Michaelis said they were conscripted into the Israel Defense Force as a soldier and performed his military service in a military museum dedicated to Palmach strike-force of the Haganah defense organization that operated prior to the establishment of the State of Israel in 1948. They said they also sserved as a translator in a Holocaust archive.
"Hearing personal testimonies of soldiers from the 1948 war … who admitted to witnessing and participating in the atrocities that happened there radicalized me to a huge extent,” Michaelis said.
As they grew older, Michaelis said they would witness as the “Israeli occupation and subjugation of Palestinians became worse and worse.”
“By this time I had friends, I has comrades and lovers who are Palestinian, who are Arab. And I could hear first-person stories from their families about people being detained … about people’s lives being in danger,” Michaelis said. “And I knew that I could not in good conscience call myself a Zionist anymore.
“ … I know that I lived in an apartheid state. I witnessed apartheid in my own eyes. And because of this I fight against apartheid.”

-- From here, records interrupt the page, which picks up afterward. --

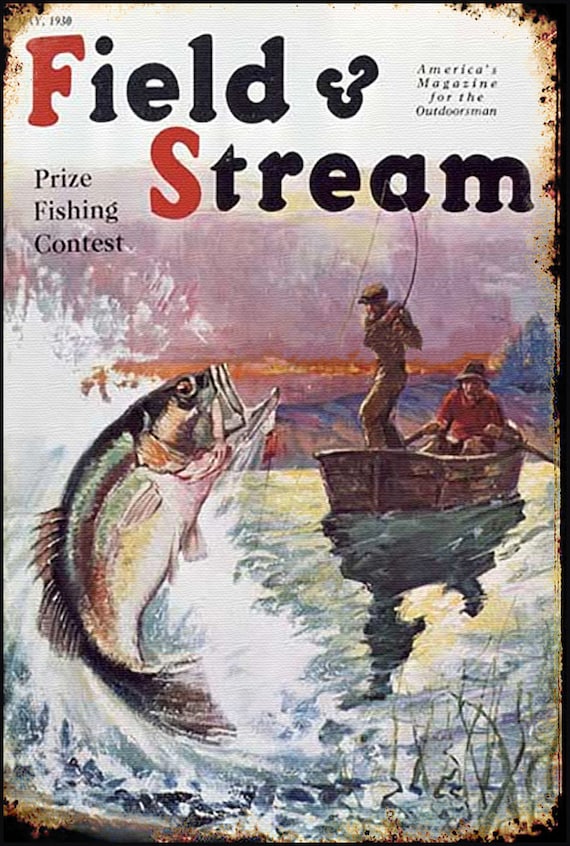 Wall Hanger 1930 Bass Fishing Art Field and Stream Magazine Cover NEW -   Norway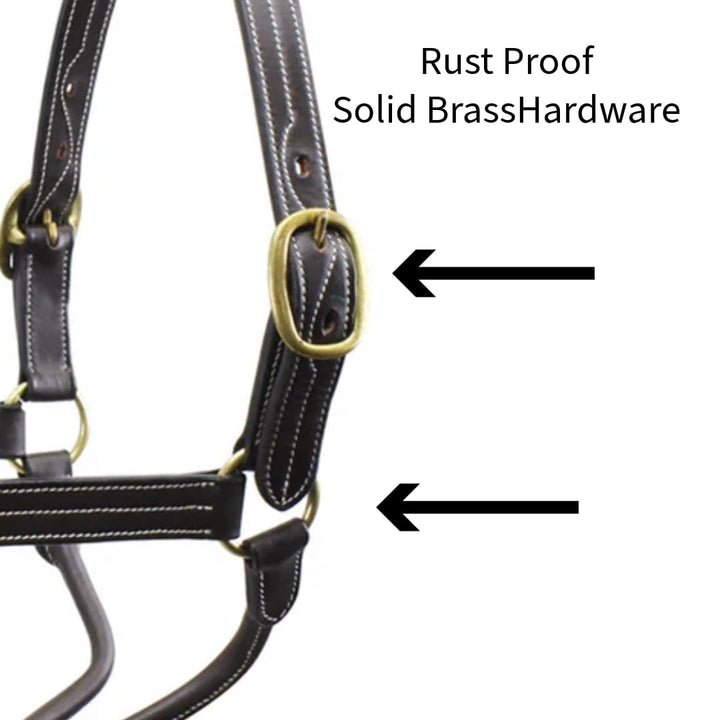 Derby Originals Triple-Stitched Leather Horse Halter – Premium Double-Layer Design with Brass Hardware – No Throat Snap for Safety, Classic Track Style – One-Year Warranty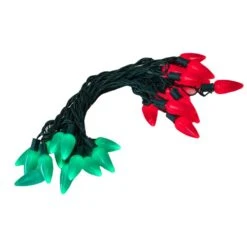 25 Red & Green Ceramic LED C9 Pre-Lamped String Lights Green Wire -Christmas Lights Series 0030272 25 red green ceramic led c9 pre lamped string lights green wire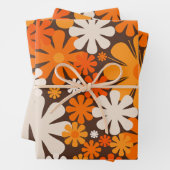 Retro-Blume 60er 70er Blumenmuster braune Orange Geschenkpapier Set (Beispiel)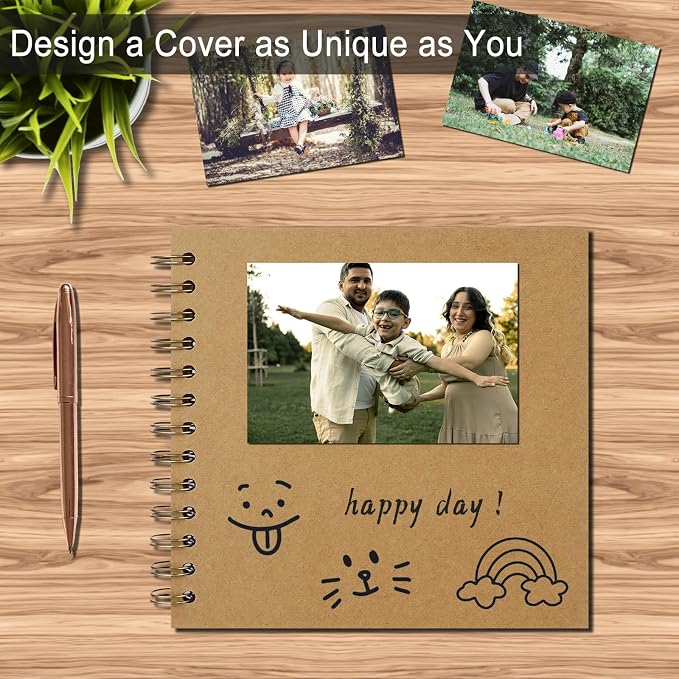 DIY Scrapbook Album 8x8 Inch, Hardcover Kraft Paper Scrap Book Photo Album, Blank Page Memory Scrap Book for DIY Crafts, Traveling, Wedding, Anniversary, Birthday, 40 Pages (20 Sheets), Khaki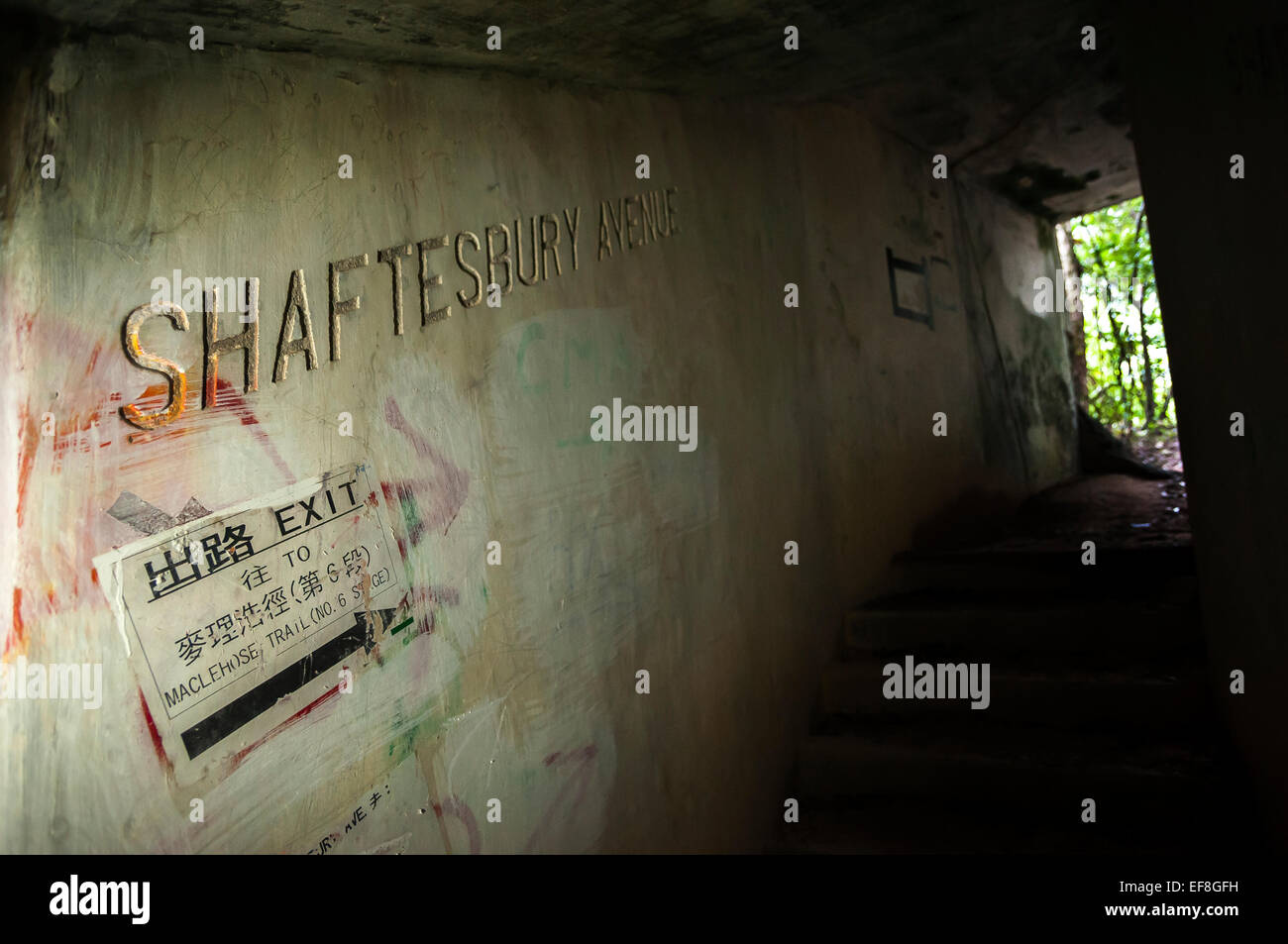 Tunnel sotterraneo a Shing Mun Redoubt, Nuovi Territori di Hong Kong Foto Stock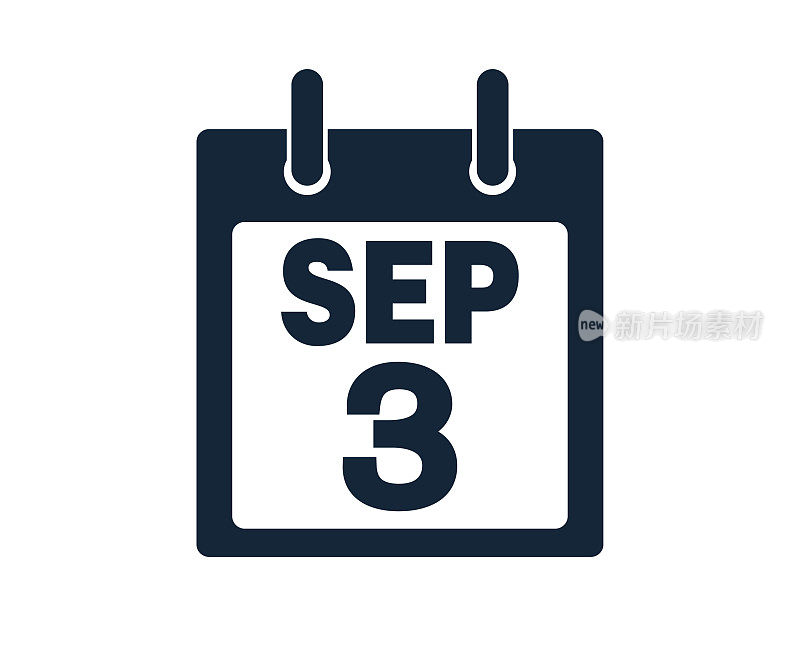 9月3日日历图标股票矢量插图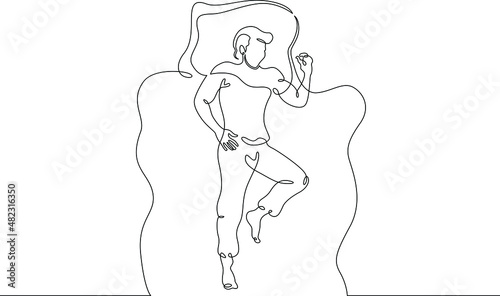 One continuous line.Man sleeps on a pillow under a blanket.Sleeping man sees dreams. Sleeping in bed.Continuous line drawing.Lineart isolated white background.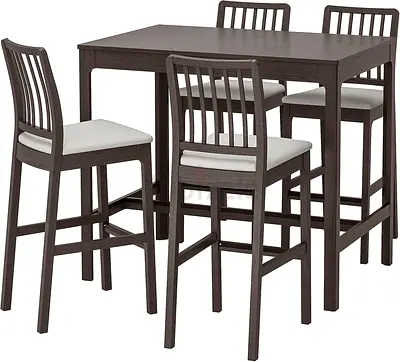 Ikea Wooden 5-Piece Counter Height Dining Set — Table + 4 Cushioned Stools
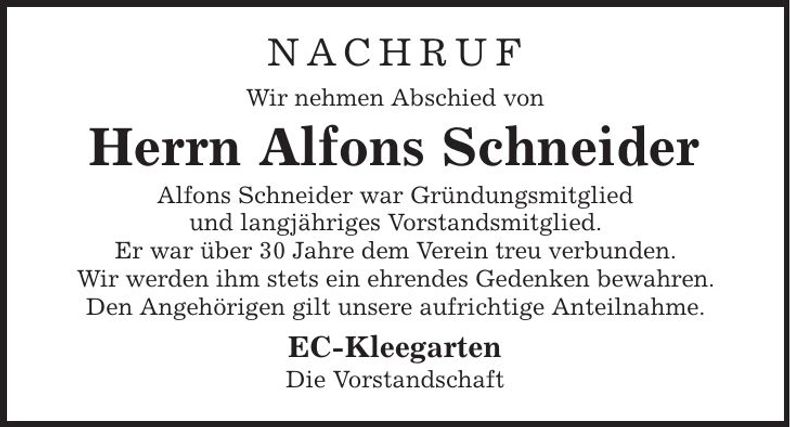 Traueranzeige Alfons Schneider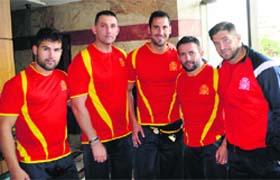 Members of the Spanish team participating in the World Cup Kabaddi in Bathinda on Tuesday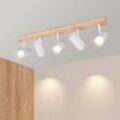 Deckenleuchte 5 Flammig Gbly Deckenstrahler Holz - Deckenlampe Weiß Deckenspots GU10 Wohnzimmerlampe 350° Flurlampe Decke Spotlight Flur für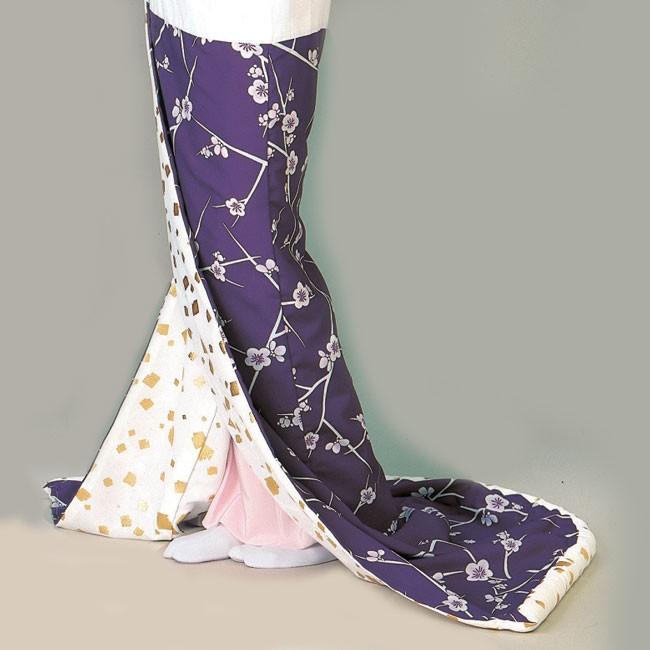 腰下 舞踊 稽古用 紫地 梅 裾引き 引き摺り お引き 22126 : ODORI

Iowa City resident Mallory Hellman’s grandparents survived the Holocaust.
“Jewish safety is not at odds with Palestinian liberation,” Hellman said. “ … Yet, the issue has been marketed to me since the morning of Oct. 8, and arguably for the entire 37 years of my life.”
Audrey Messinger added: “when we talk about the genocide that’s happening right now, we should also be talking about the fact that people whose ancestors were victim to a genocide are now committing one.
“And that is what makes what is happening right now even more devastating and even more deplorable.”